Re: A proposal

it is interesting the biggest pushers of mandatory TLS are those who 
stand to suffer the least from it.  Browser makers.

Are any server makers or (reverse-) proxy makers here proponents of 
mandatory TLS?  I can't imagine a server author taking the step of 
requiring all their customers to suddenly buy certs.  At least not be 
the first to do so.  They are the ones who will have to deal with the 
backlash and incredible inertia of getting their customers to change.
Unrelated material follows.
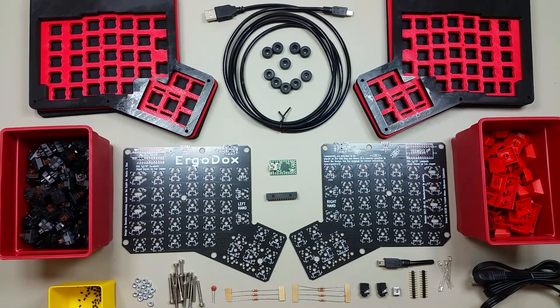You are looking at everything you need to build an ErgoDox mechanical keyboard. This is an open source project and you can learn more about it by going to their website at ergodox.org. They have a list of components, sources for those components, a CNC Lexan case design, a 3D printable case design, and the design files for the PCB. All of these components are available for purchase from various suppliers, and some suppliers have complete kits.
Without servers supporting mandatory TLS, it's kinda pointless for 
browser makers to assert they won't implement plaintext http/2.0.  Since 
the cert must be installed on the server (not the client/browser), I 
think it would be better to let the server authors take the lead on this 


------ Original Message ------
From: "Nicolas Mailhot" <>
To: "Mike Belshe" <>
Cc: "Roy T. Fielding" <>; "HTTP Working Group" 
Sent: 20/11/2013 8:07:15 a.m.
Subject: Re: A proposal
>Le Mar 19 novembre 2013 10:45, Mike Belshe a écrit :
>>  Alright, well thats all fine, but I really don't know why you're 
>>going off
>>  on this rant. Can you cite for me the specific quote from anyone on
>>  this
>>  list who declared or implied that TLS was a comprehensive solution 
>>  'security' or 'privacy'? I don't think anyone did, so this rant is 
>>  unnecessary.
>That's playing with words, Chrome and Mozilla representatives have been
>quite clear they wanted to force a TLS-only web for 'security' and
>'privacy'. Even though there is a ton of things those browsers could do
>*now* to improve privacy without fostering pki on everyone else.
>Really, it's getting quite annoying to see all this forceful selling of
>TLS in the name of privacy and security while systematically 
>any attempt to consider the parts of the protocol that are used to data
>mine users now (let's use the business term not emotional appeals).